[RAW DATA — start]
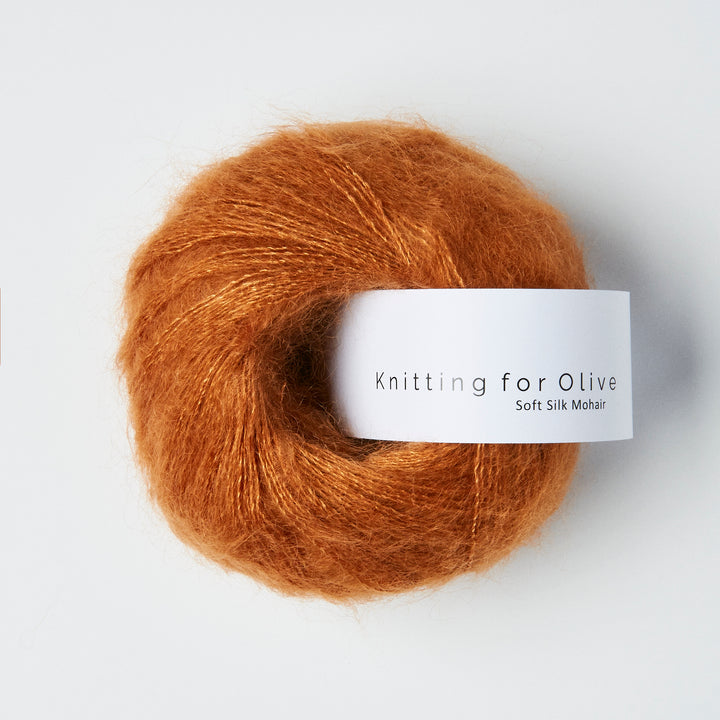 Soft Silk Mohair - Copper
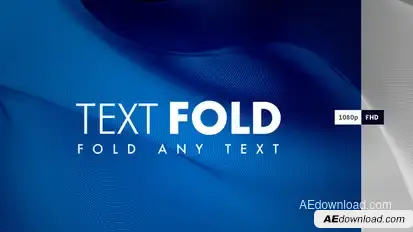 Text Fold Titles template preview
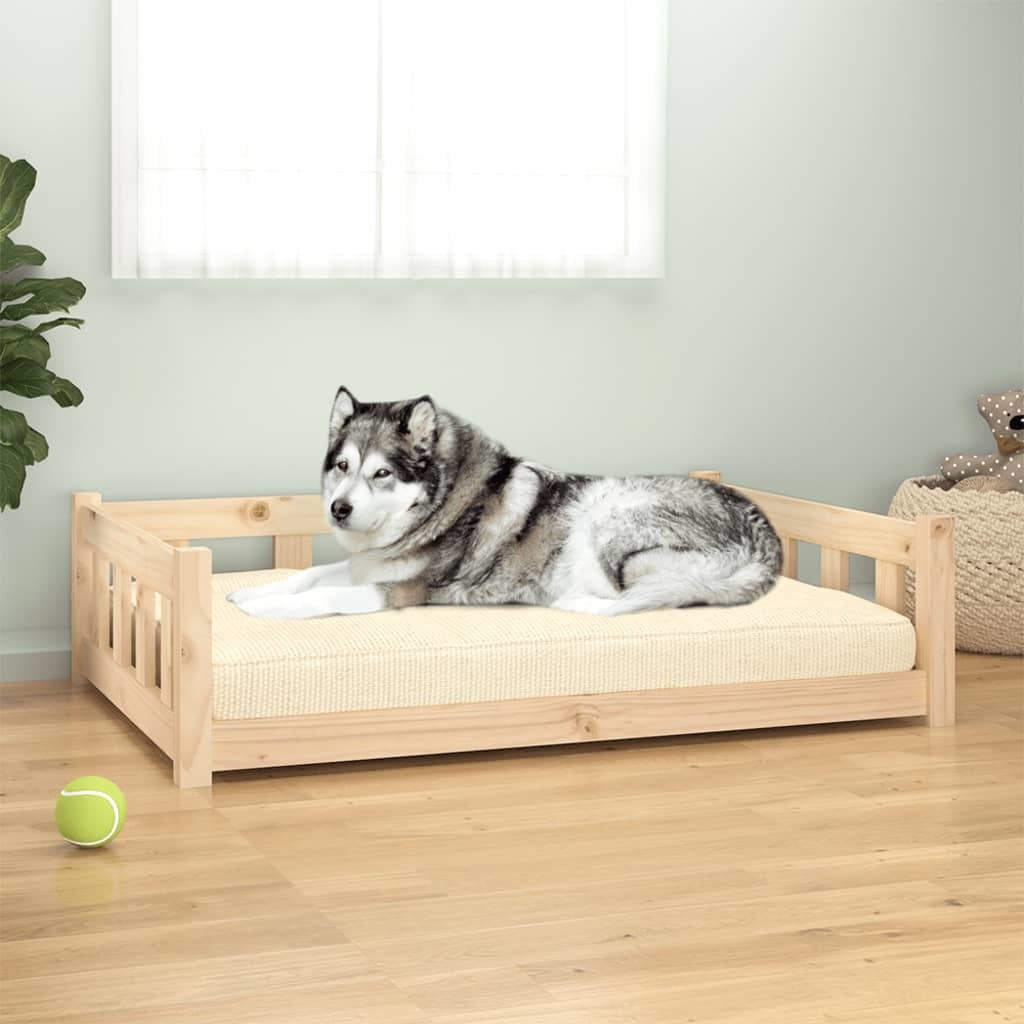 Dog Bed 41.5&quot;x29.7&quot;x11&quot; Solid Wood Pine
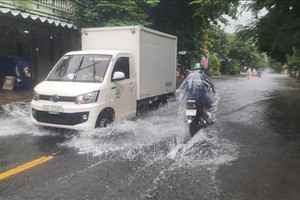 从广治到岘港市地区有降雨、中雨，部分地区伴有雷暴。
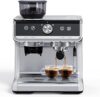 GarveeHome Espresso Machine With Grinder And Milk Frother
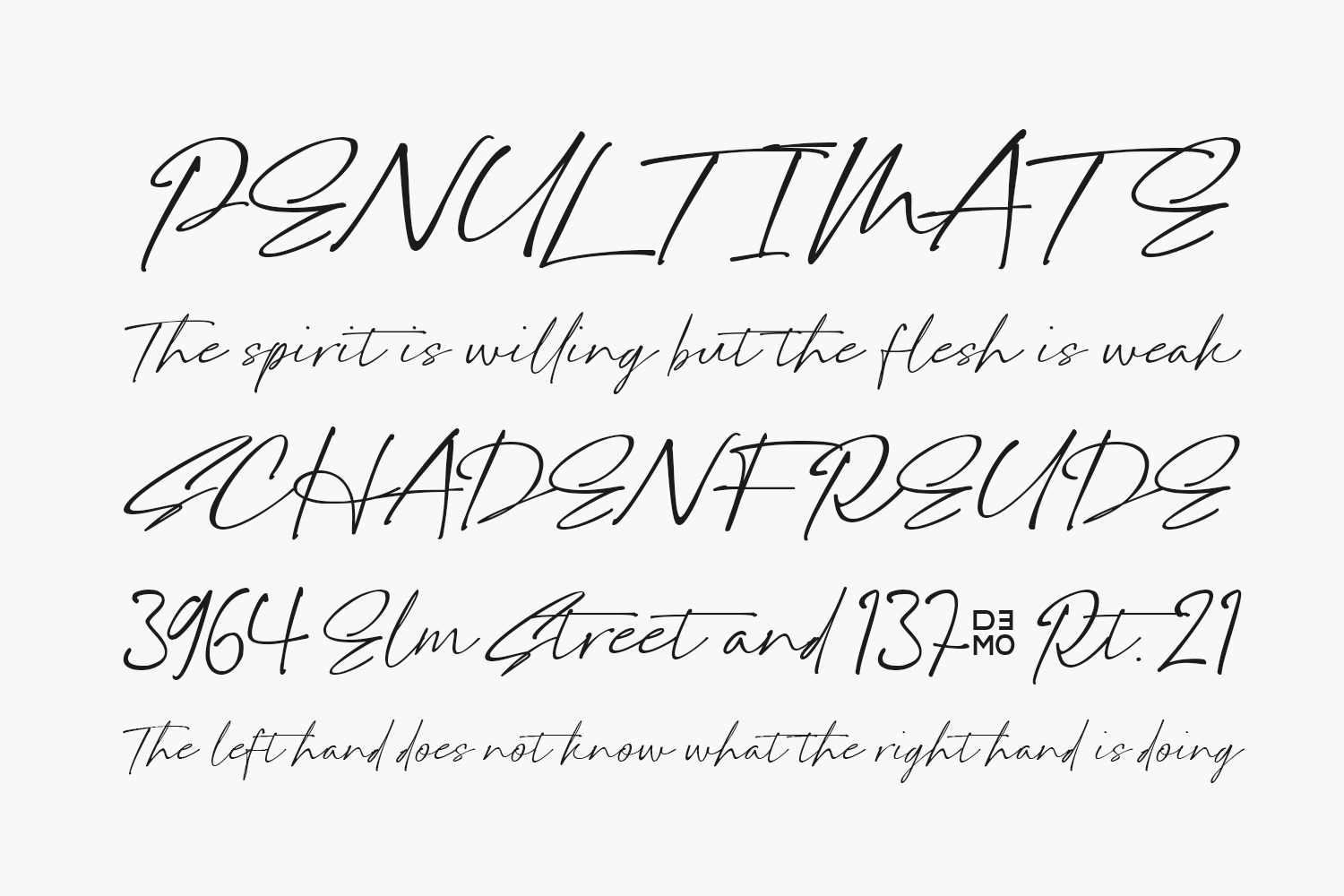 Handletters Free Font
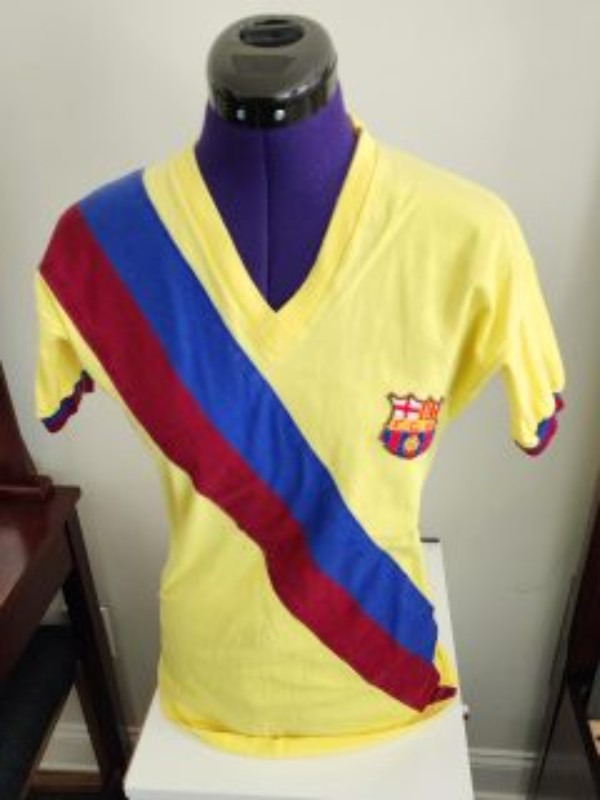 Segunda equipación de Barcelona 79-80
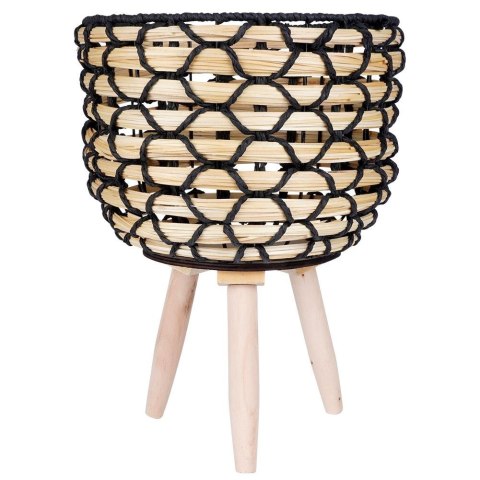 Osłona na doniczkę doniczki osłonka na nóżkach drewniana 26.5x36cm VILDE 339473-D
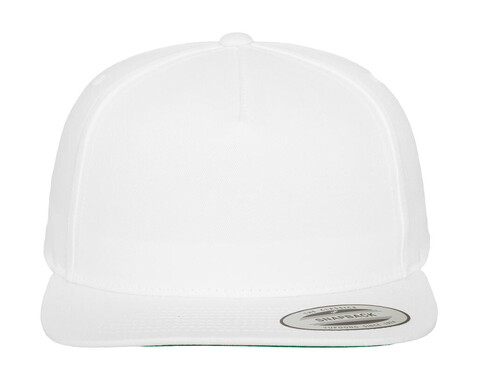 Yupoong Classic 5 Panel Snapback, White, One Size bedrucken, Art.-Nr. 312730000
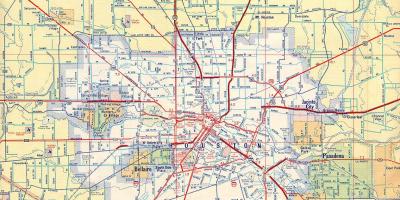 Авто замын газрын зураг нь Хьюстон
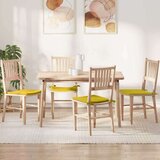  Jastučići za sjedenje 4 pcs Žuta 40 x 40 x 3 cm Baršun | shoptok.hr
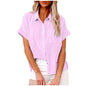 Woman Loose Casual Camisas Mujer Blouse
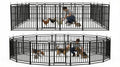 16 Panels 40'' Rustproof Metal Dog Playpen Q7728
[RAW DATA — finish]
→ INSTRUCTIONS TO FOLLOW:
An exact repetition of all the records above is required, excluding the pictures.

→ RESPONSE TO THIS TASK:
 Soft Silk Mohair - Copper
 Text Fold Titles template preview
 Dog Bed 41.5&quot;x29.7&quot;x11&quot; Solid Wood Pine
 从广治到岘港市地区有降雨、中雨，部分地区伴有雷暴。
 GarveeHome Espresso Machine With Grinder And Milk Frother
 Handletters Free Font
 Segunda equipación de Barcelona 79-80
 Osłona na doniczkę doniczki osłonka na nóżkach drewniana 26.5x36cm VILDE 339473-D
 Yupoong Classic 5 Panel Snapback, White, One Size bedrucken, Art.-Nr. 312730000
 Авто замын газрын зураг нь Хьюстон
  Jastučići za sjedenje 4 pcs Žuta 40 x 40 x 3 cm Baršun | shoptok.hr
 Woman Loose Casual Camisas Mujer Blouse
 16 Panels 40'' Rustproof Metal Dog Playpen Q7728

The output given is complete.